Cartoon by Tjeerd Royaard

Giuliani: Trump Tower Moscow talks may have lasted ‘as far as’ October or November 2016

Politico: President Donald Trump’s conversations with his former personal attorney about a Trump Tower Moscow deal may have lasted up until the 2016 election, his new lawyer said Sunday.

Rudy Giuliani said in an interview on NBC’s “Meet the Press” that the president’s written answers to questions from special counsel Robert Mueller “cover up to the election” with regards to discussions about the possible deal and that Trump “can remember having” such discussions “up to as far as October, November.”

Former Trump attorney Michael Cohen pleaded guilty last year to lying to Congress about talks about a potential real estate deal in Moscow. Cohen told lawmakers in closed-door testimony that negotiations about the deal ended in January 2016. Cohen later said in his plea that discussions continued into June of that year.

Giuliani revealed Sunday that the discussions may have lasted up until Trump’s election, a disclosure that has already sparked concerns from Democrats and others who have long worried that Russian President Vladimir Putin and Russia have exerted a great influence on Trump.

Pressed by host Chuck Todd, Giuliani said that the discussions could have extended until October or November.

Trump had repeatedly insisted throughout the campaign that he had "no business" in Russia, including after U.S. intelligence agencies said Russia had sought to interfere in the election on Trump's behalf.

Giuliani on Sunday downplayed the Trump Tower Moscow discussions as just a proposal and sought to cast Trump’s role in the talks as minor, framing Cohen as the lead negotiator on the project.

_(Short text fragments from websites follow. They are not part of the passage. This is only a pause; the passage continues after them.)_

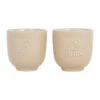 Tasses X2 Beige 15cl En Grès - Famille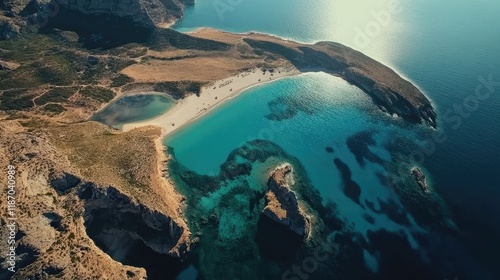 Aerial view of Balos Lagoon Beach and Cape Tigani showcasing the stunning coastline and vibrant turquoise waters in the Peninsula Region. photo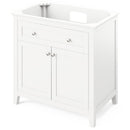 Jeffrey Alexander 36" White Chatham with Boulder Cultured Marble Vanity Top Rectangle Bowl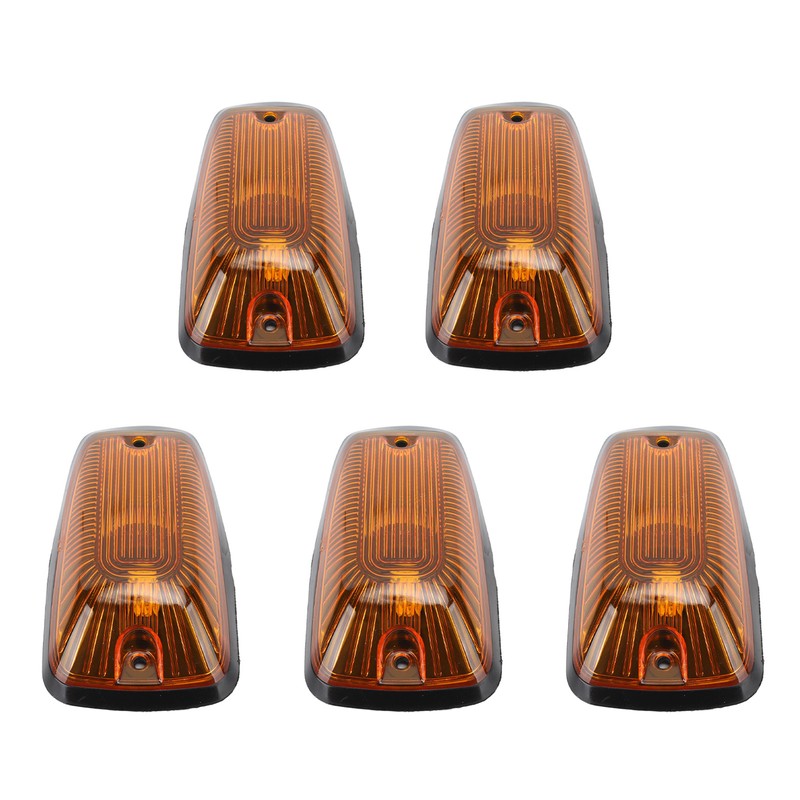 5Pcs Cab Marker Light Weatherproof Amber Teardrop Cab Top Running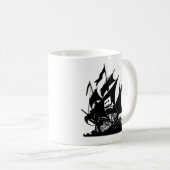 Das Piraten-Bucht-Logo-Schiff Kaffeetasse (VorderseiteRechts)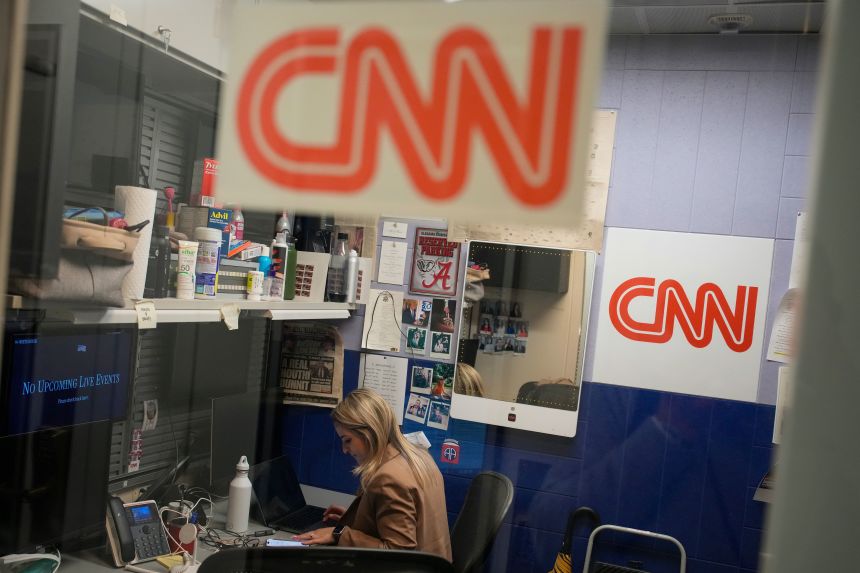 CNN Senior White House Reporter Betsy Klein works in the CNN office after being allowed back on to the grounds of the White House on September 24 in Washington, DC.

But while Giuliani said Trump was mostly uninvolved in the discussions, Trump himself took credit for ending the deal last year, telling reporters multiple times that “I decided” not to pursue it.

For instance, he said on Nov. 29, 2018: “We had a position to possibly do a deal to build a building of some kind in Moscow. I decided not to do it. The primary reason — there could have been other reasons. But the primary reason, it was very simple: I was focused on running for president.“

Giuliani told Todd he was unclear why the deal fell apart: “I don't know why it didn't go anywhere. Nor does the president really know exactly why. I mean, there are a lot of these things that happen in a business like his.“

Regardless, Sen. Mark Warner of Virginia, the top Democrat on the Senate Intelligence Committee, said on "Meet the Press" that Giuliani's admission of even a potential active proposal was big news.

"That is news to me,“ Warner said. “And that is big news. Why, two years after the fact, are we just learning this fact now, when there's been this much inquiry?"

"I think that's a relevant fact for voters to know. And I think it's remarkable that we're two years after the fact and just discovering it today," he said.